START Data excerpts

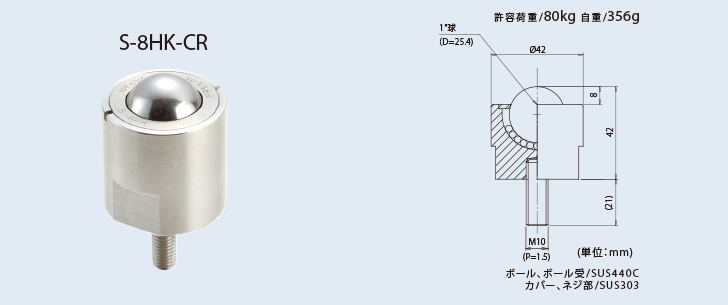 S-8HK-CR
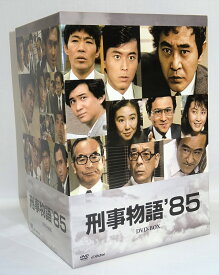 【中古】【DVD】刑事物語'85 DVD-BOX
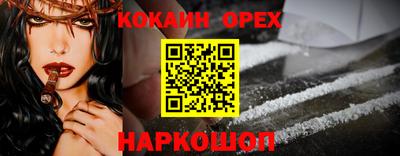 дурь Наро-Фоминск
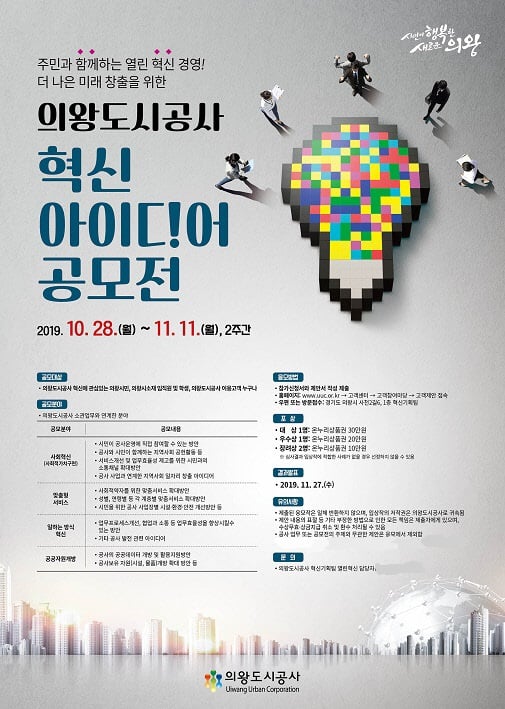 의왕도시공사, 2019년 혁신 아이디어 공모전 포스터. / 사진제공=의왕도시공사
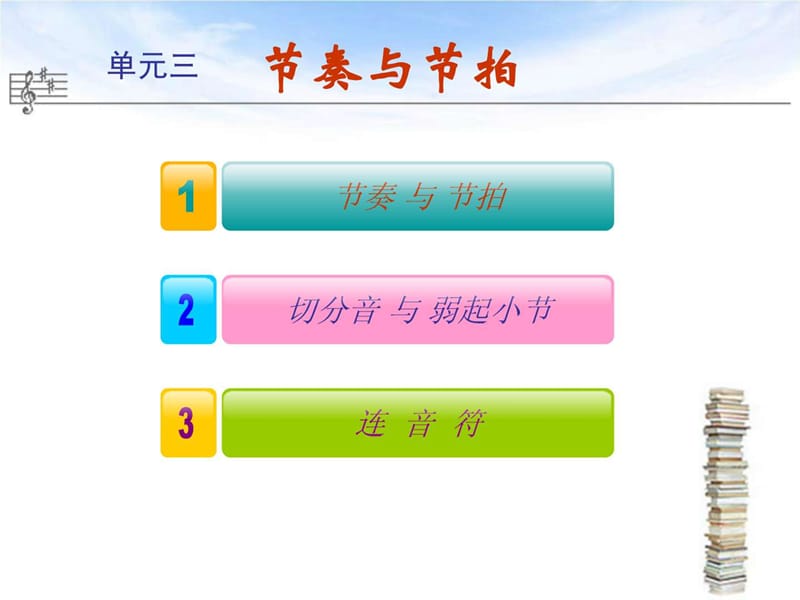 乐理与视唱练耳_教学课件_单元三.ppt.ppt_第2页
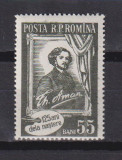 125 DE ANI DE LA NASTEREA LUI THEODOR AMAN 1956 LP. 417 MNH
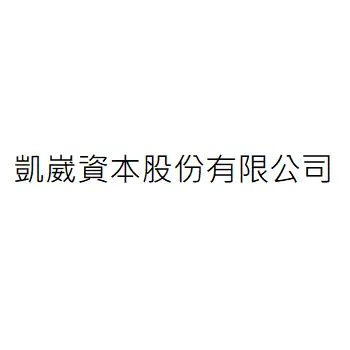 凱崴資本股份有限公司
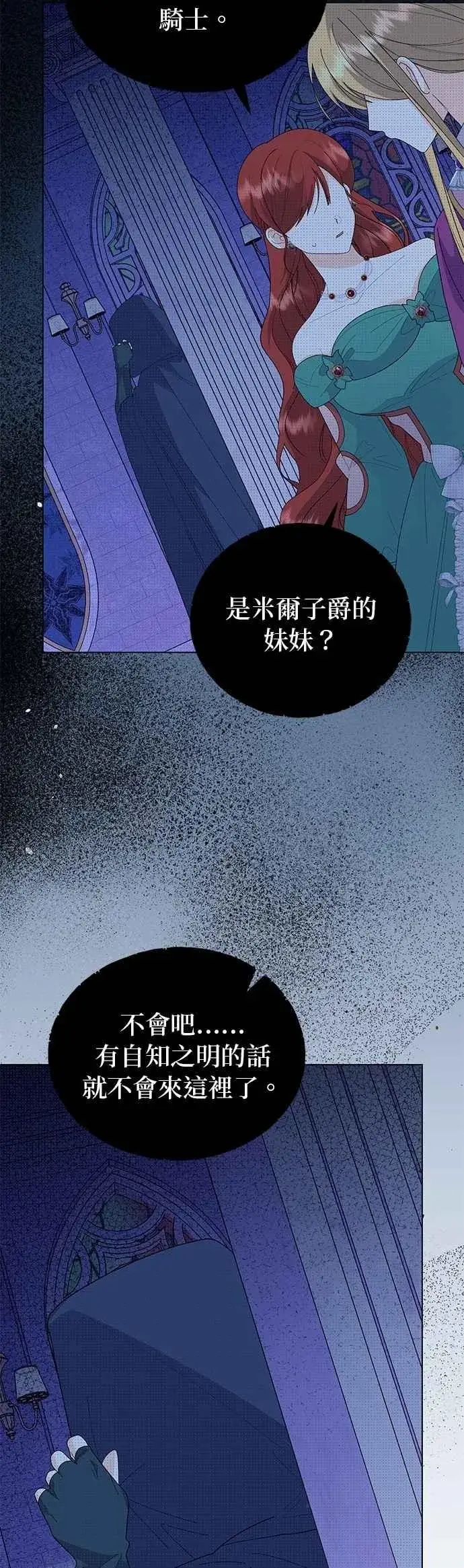 《嫁给了野兽公爵》第66话图6
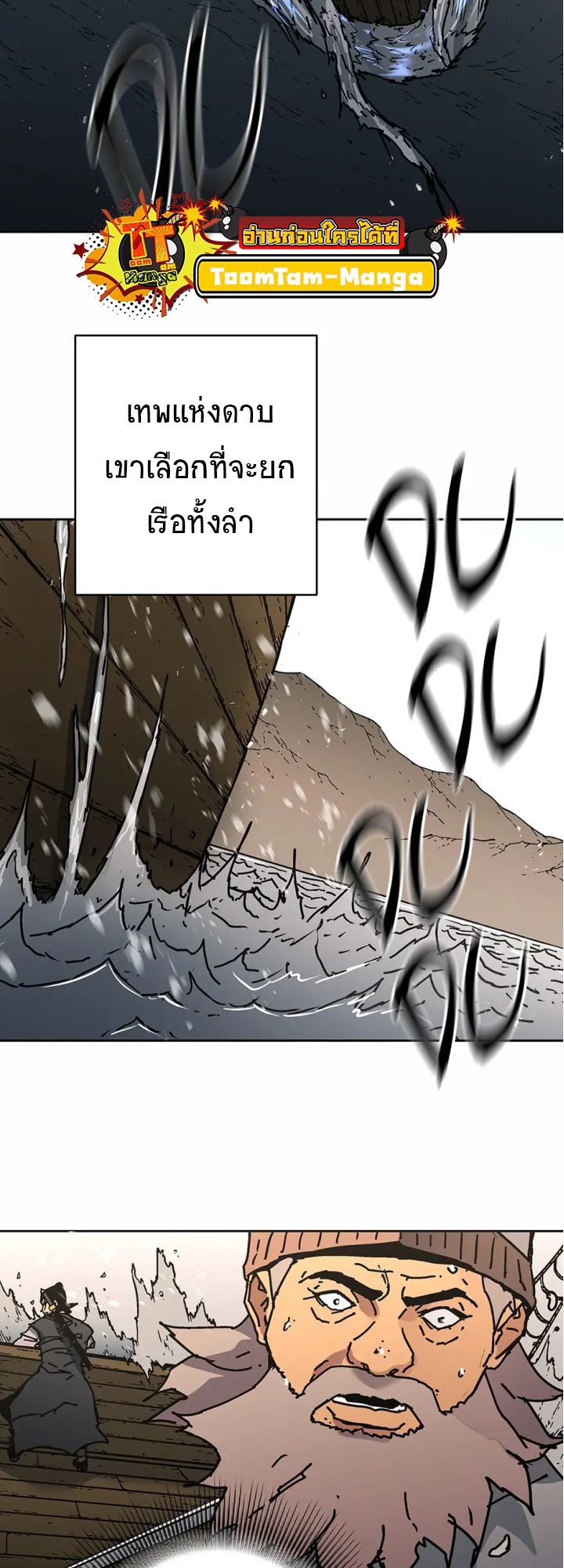 อ่านมังงะ Peerless Dad ตอนที่ 273/17.jpg
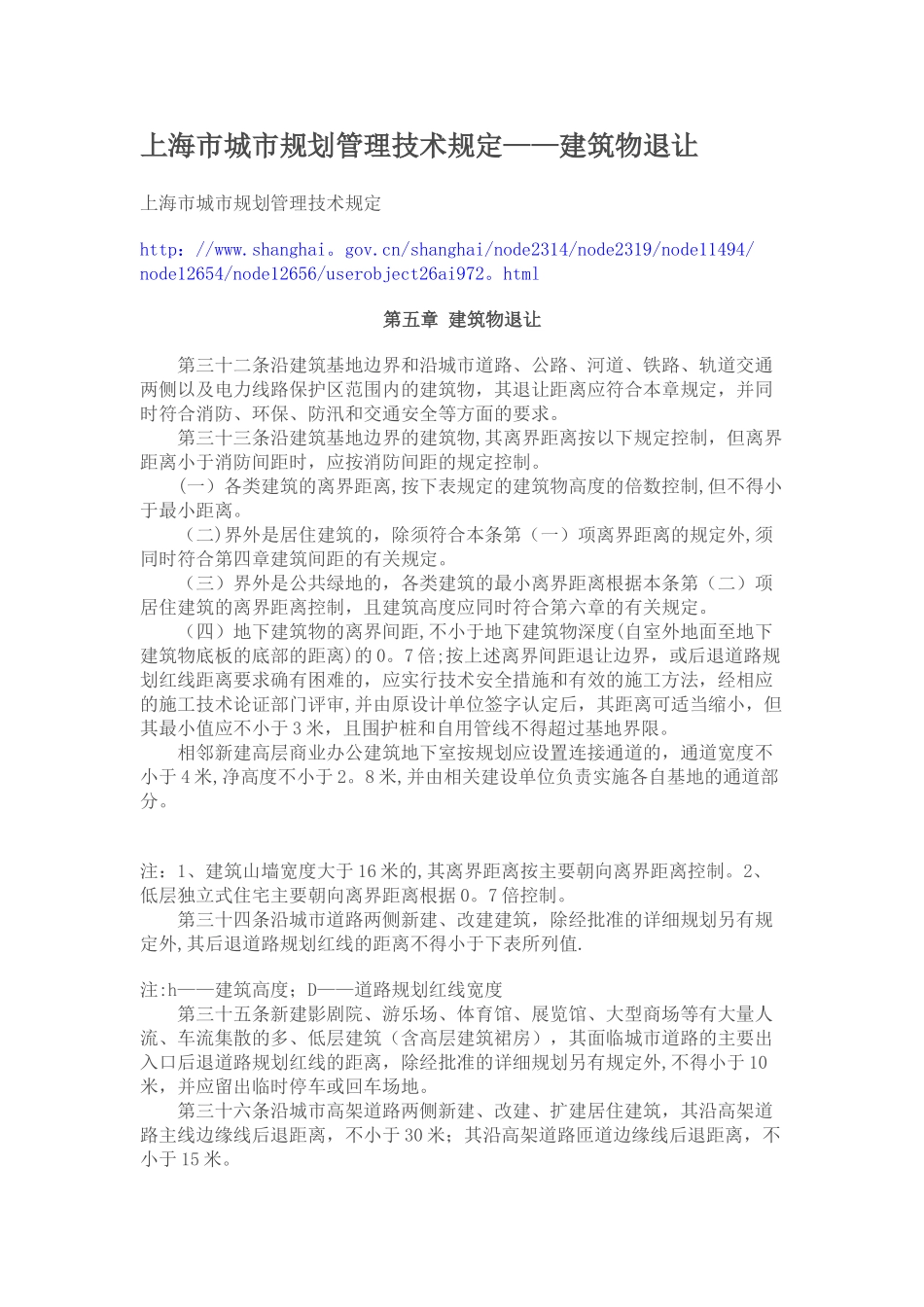 上海市城市规划管理技术规定_第1页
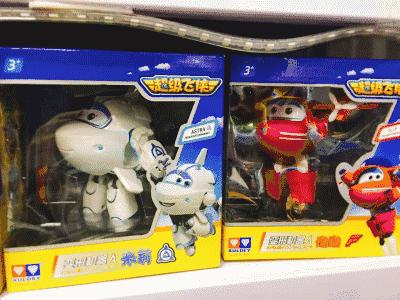 天津儿童六一玩具,六一玩具哪里批发最便宜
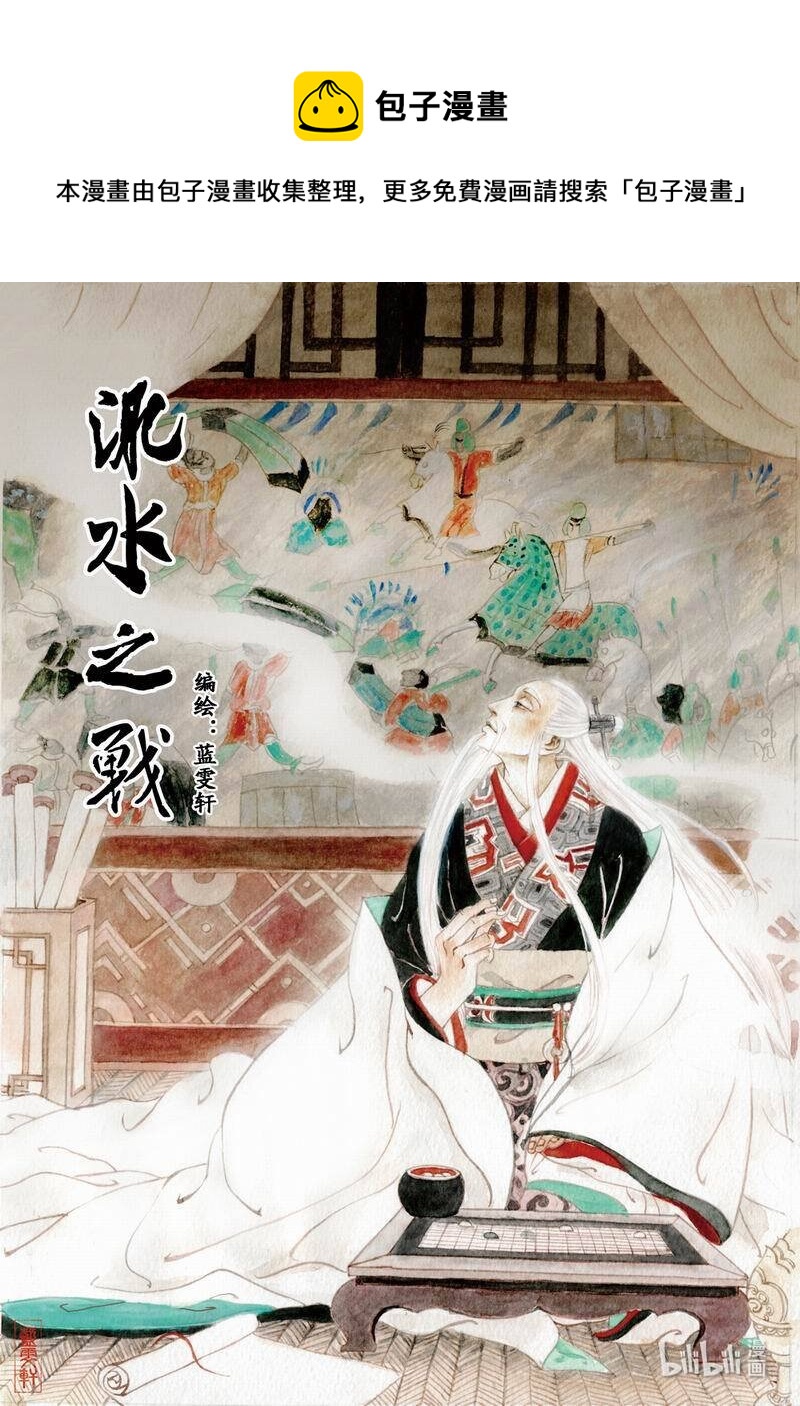 十一 淝水之战（上）-第10话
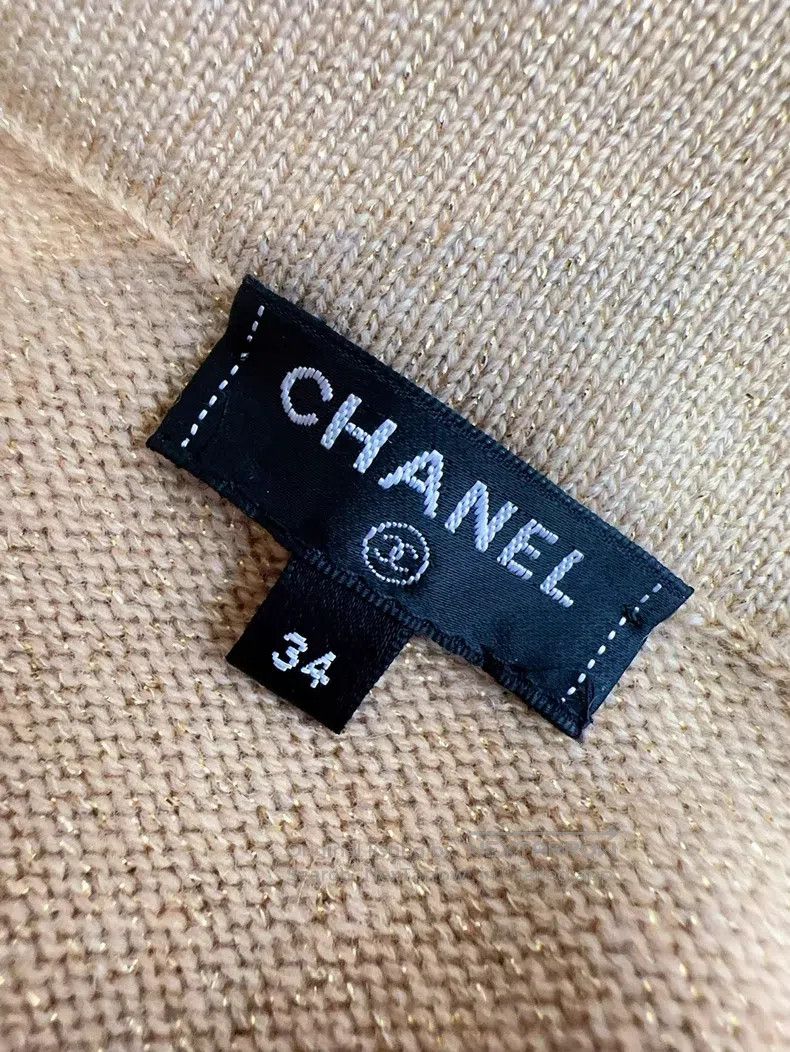 Chanel Chanel 17A light gold fishtail knitted skirt Size 42" / US 20 - 7 Thumbnail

END Data excerpts

• _Task prompt_: Would you reproduce the lines from the one with "อ่านมังงะ Peerless Dad ตอนที่ 273/17.jpg" through the final line of the data above, exactly and only those, without any pictures?

• _Task output_:
 อ่านมังงะ Peerless Dad ตอนที่ 273/17.jpg
 上海市城市规划管理技术规定_第1页
 天津儿童六一玩具,六一玩具哪里批发最便宜
 十一 淝水之战（上）-第10话
 Chanel Chanel 17A light gold fishtail knitted skirt Size 42" / US 20 - 7 Thumbnail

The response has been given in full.